Maoism’s presence extends from areas that are forested, mineral-rich — but dirt-poor — to zones of agrarian crisis, caste turmoil, and urban dissatisfaction.
They will leverage the coming churn on account of population pressures, food insecurity, and dislocation. They live and work in a world where, each year for the past 10, the number of rural suicides on account of indebtedness has outnumbered IIT entrants by five to one. They have even begun moving to urban areas.
Non-governance and bad governance are key factors, aided by corrupt, callous politicians, bureaucrats, law-keepers — and short-sighted businesses. Forest residents are denied rights of livelihood and justice; project-displaced people are shabbily treated. Instead of enlightened best practices, the principle of Eminent Domain is freely abused to expropriate land. All these produce negative energy: Maoist food for thought, recruitment and action. They see themselves as saviours of the trampled.
Take Lalgarh, which I visited.
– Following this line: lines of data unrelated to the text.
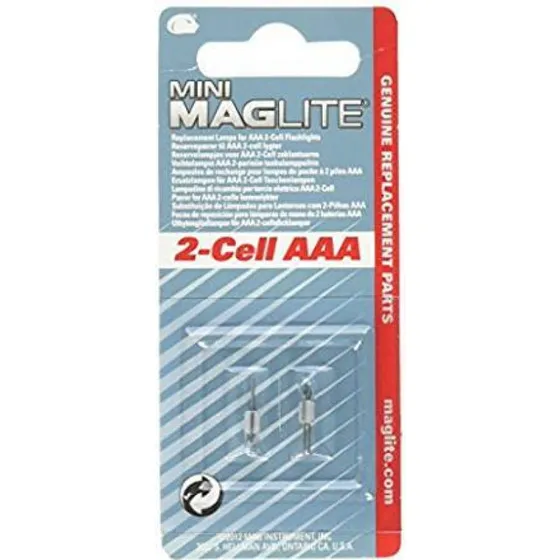 Maglite Mini 2-Cell AAA Erstatningspre (0038739107325)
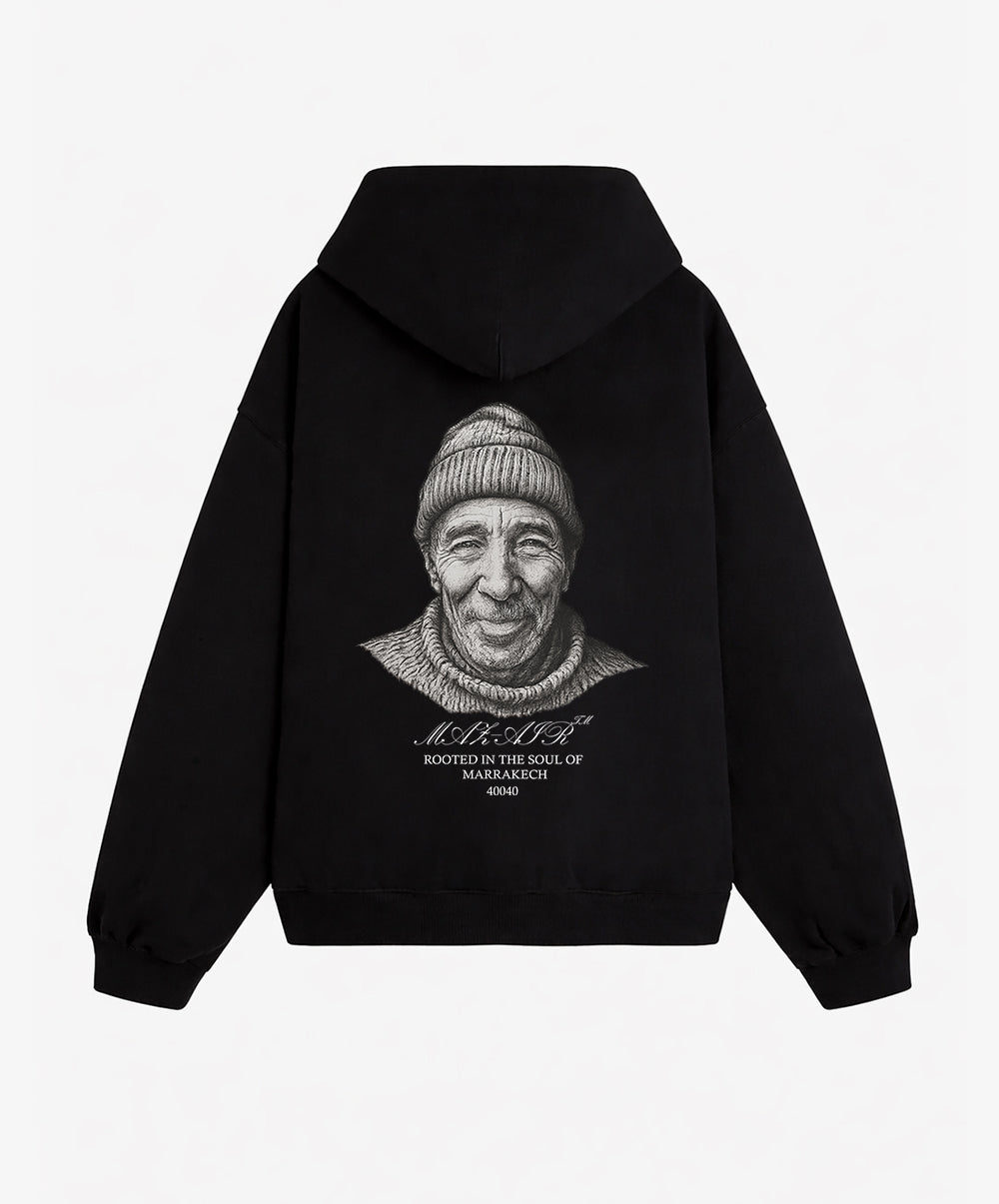 MAZ-AIR™ "Moul Kech” Hoodie — Black Edition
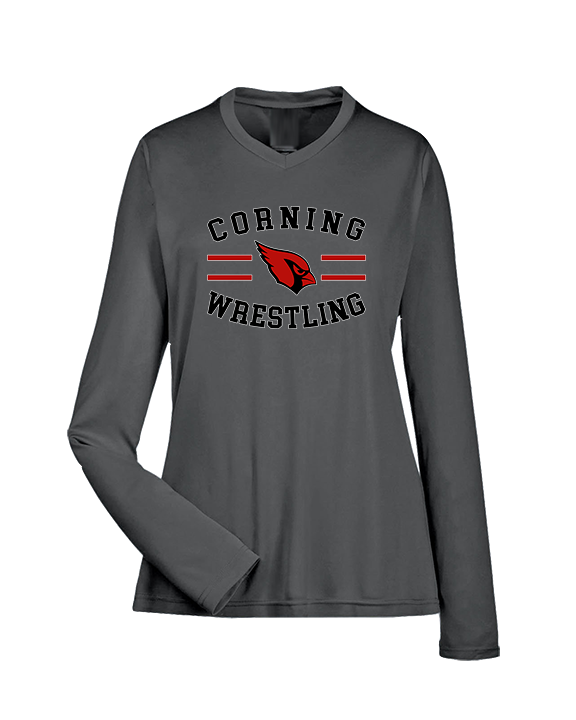 Corning Union HS Wrestling Curve - Womens Performance Longsleeve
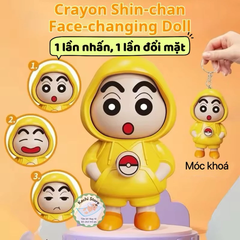 Đồ Chơi Móc Khoá Crayon Shin, Cậu bé bút chì Thay Đổi Khuôn Mặt, Shinosuke Đổi Mặt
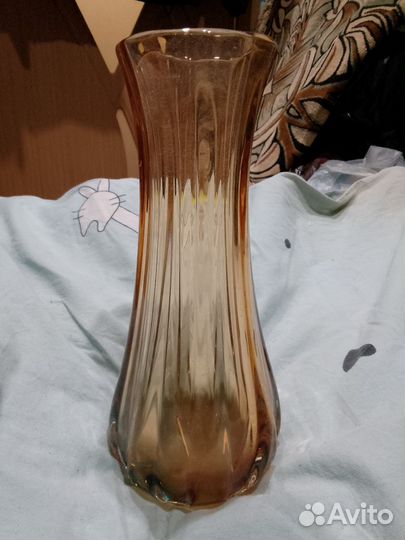 Ваза для цветов хрустальная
For 32 years, the government had corrupted the civil and police administration by allowing Party thugs to rule — they are among the wealthiest in the area. Maoists and tribal-activists stepped into the vacuum created by near-total non-development. The government was compelled to send in forces to reclaim territory. They did, but they haven’t reclaimed “hearts and minds”.
The no-brainer lies in the carrot: reduce inequity; lessen corruption and increase accountability; provide easier recourse to the criminal justice system; and ensure delivery of fundamental rights as accorded by the Constitution. If this proves impossible, the harvest of frustration and anger will increase.